Конец стиля (сборник)
Шрифт:
Это был для Эренбурга провиденциальный знак — как опасно привязывать себя к колеснице времени. Но он от этой колесницы так и не отвязался. Дело в том, что у него не было альтернативы.
Ведь помимо прочего Эренбург в «А все-таки она вертится!» сводил счеты с искусством — в себе. Повторялась старая история: биографическая проблема проецируется вовне, то есть, как рассказал об этом сам Эренбург, горбун-приказчик идет служить в чека. Призыв «библии конструктивизма» — к смерти искусства; по-другому, ликвидация его как «отвлеченного начала», или, на жаргоне эпохи, растворение искусства в жизни; «самоубийство искусства», его «харакири» (Эренбург в той же книге). Конструктивизм позволял Эренбургу покончить с искусством, не становясь гоголевским Чартковым. Им была найдена высокая мотивировка для достаточно низкой истины: как «идейно» не быть художником, не будучи им фактически. Прочтите список сотрудников Лефа, приложенный к 13-му тому Маяковского: на 99 % это люди даже не второго, а третьего сорта. Эренбург был человеком немелким;
Посмотрите, как Эренбург расправляется с искусством: «Еще в древней Греции говорили: национализм — это первая наивность глупца и последнее убежище плута. Да, жизнь локальна. Достоевский во Франции обрел бы гармонию: женил Митю на Грушеньке, Ивана на Кате, а Алешу на Лиз. Все ясно каждому. Детали даже не национальны, а локальны (почти уездны). „Вот, вот, — подхватывает удовлетворенный шовинист, — совершенно верно, ведь важны именно детали!“ Суждение, опоздавшее, как и автор его, на целый век. Идет искусство общее, обобщенное, обобществленное. ИСКУССТВО ИНТЕРНАЦИОНАЛЬНОЕ». Шовинизм здесь, конечно, не при чем, это слово подпущено для дискредитации той бесспорной истины, что искусство локально, что живет оно деталями («всесильный бог деталей», — писал Пастернак). Эренбург от Пастернака все-таки отказаться не хочет и поэтому затаскивает его — в конструктивизм! Но вот для «местечкового романтизма» (Шкловский) Шагала места уже не находится. Вспомним, как «идиотизм новых варваров» Эренбург противопоставлял Бергсону и Шестову. Один из этих философов — апологет органического прозябания жизни, второй — самый яростный противник воспеваемого Эренбургом рационализма. Вспомним также самых больших писателей «конструктивного» века. Пруст — предельный психологизм, Джойс — реабилитация мифа, Кафка — провидец абсурдности тоталитаризма (вырастающего из «конструктивного», рационального корня). Эренбург пытался вдохновляться Блоком, принесшим себя и свое искусство в жертву времени. Но самому Эренбургу жертвовать было нечем. Не только Блоком, «Кавалеровым» он при всем желании стать не мог, оставалось — в позиции Андрея Бабичева произносить на коммунальной кухне речь об эстетических преимуществах индустриализованных харчевен. Но конструктивизм Эренбурга — тот самый топор, из которого солдат варил щи.
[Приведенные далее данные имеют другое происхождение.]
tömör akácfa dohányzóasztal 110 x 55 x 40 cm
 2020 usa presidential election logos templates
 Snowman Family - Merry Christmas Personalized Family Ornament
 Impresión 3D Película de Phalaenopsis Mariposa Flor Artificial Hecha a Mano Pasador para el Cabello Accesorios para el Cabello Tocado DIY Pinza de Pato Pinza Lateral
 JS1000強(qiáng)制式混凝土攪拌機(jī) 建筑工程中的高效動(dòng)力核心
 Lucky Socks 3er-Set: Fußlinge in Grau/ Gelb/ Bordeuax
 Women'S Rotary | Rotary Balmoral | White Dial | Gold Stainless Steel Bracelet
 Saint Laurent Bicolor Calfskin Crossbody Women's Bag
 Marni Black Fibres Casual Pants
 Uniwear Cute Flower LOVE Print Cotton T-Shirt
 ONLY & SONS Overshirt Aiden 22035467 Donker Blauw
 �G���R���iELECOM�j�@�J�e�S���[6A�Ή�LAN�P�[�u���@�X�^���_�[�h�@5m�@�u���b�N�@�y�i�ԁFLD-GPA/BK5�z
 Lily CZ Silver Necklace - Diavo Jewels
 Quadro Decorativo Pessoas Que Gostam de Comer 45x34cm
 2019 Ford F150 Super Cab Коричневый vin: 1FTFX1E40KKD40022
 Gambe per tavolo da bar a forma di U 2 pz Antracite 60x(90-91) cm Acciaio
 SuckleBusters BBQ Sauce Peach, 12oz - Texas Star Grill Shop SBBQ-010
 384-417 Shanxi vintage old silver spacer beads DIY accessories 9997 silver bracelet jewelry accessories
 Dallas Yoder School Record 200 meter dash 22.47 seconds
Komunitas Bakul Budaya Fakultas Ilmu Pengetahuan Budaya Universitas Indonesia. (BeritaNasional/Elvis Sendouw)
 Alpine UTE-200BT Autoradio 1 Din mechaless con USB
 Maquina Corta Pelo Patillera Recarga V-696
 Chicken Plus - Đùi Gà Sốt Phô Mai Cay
«Звериное тепло», которое не удалось удержать Эренбургу, было, таким образом, не столько «славянофильством», славянофильским почвенничеством, сколько искусством.Искусство, к которому его всю жизнь тянуло, — не конструктивные небоскребы Америки, а «розовые домики» старой Москвы, «мифология луж», найденная им у Пастернака, мышиные норы, стоячая зацветающая вода, в которой только и водятся бациллы флоберовской прозы. Через много лет, попав в Америку, он прикидывался советским простачком и удивлялся: откуда здесь Фолкнер? — как будто Америка на самом деле такова, как в декларациях конструктивистов.
Не нужно думать, что Эренбург и в самом деле уверовал в конструктивизм. Уже «Курбов» — не что иное, как антитезис конструктивистским декларациям. Курбов, падший ангел, геометр, Спиноза Лубянки, с небес, где звезды и законы, падает на землю, в трактир «Тараканий брод», в объятия отнюдь не математической, а вполне физической Кати. «Физически, в хрюкало», как говорится в одном рассказе Замятина. Конечно, «Жизнь и гибель Николая Курбова» не роман, а очередной манифест, на этот раз антиконструктивистский. Идея его — биология сильнее геометрии. Увы, жизнь не победила лубянскую геометрию, а Курбов погиб. (Тынянов: «У Эренбурга гибнут все герои. Их ломкость поразительна — это потому, что природа их — не то кинематографическая фильма, не то иллюстрации к классикам».) Но зато Эренбург вспомнил, что кроме Германии со Шпенглером есть еще Италия с Павлом Муратовым, автором «Образов Италии». Лучшая после «Хуренито» книга Эренбурга — «Виза времени», в ней он заставил спорить Шпенглера с Муратовым.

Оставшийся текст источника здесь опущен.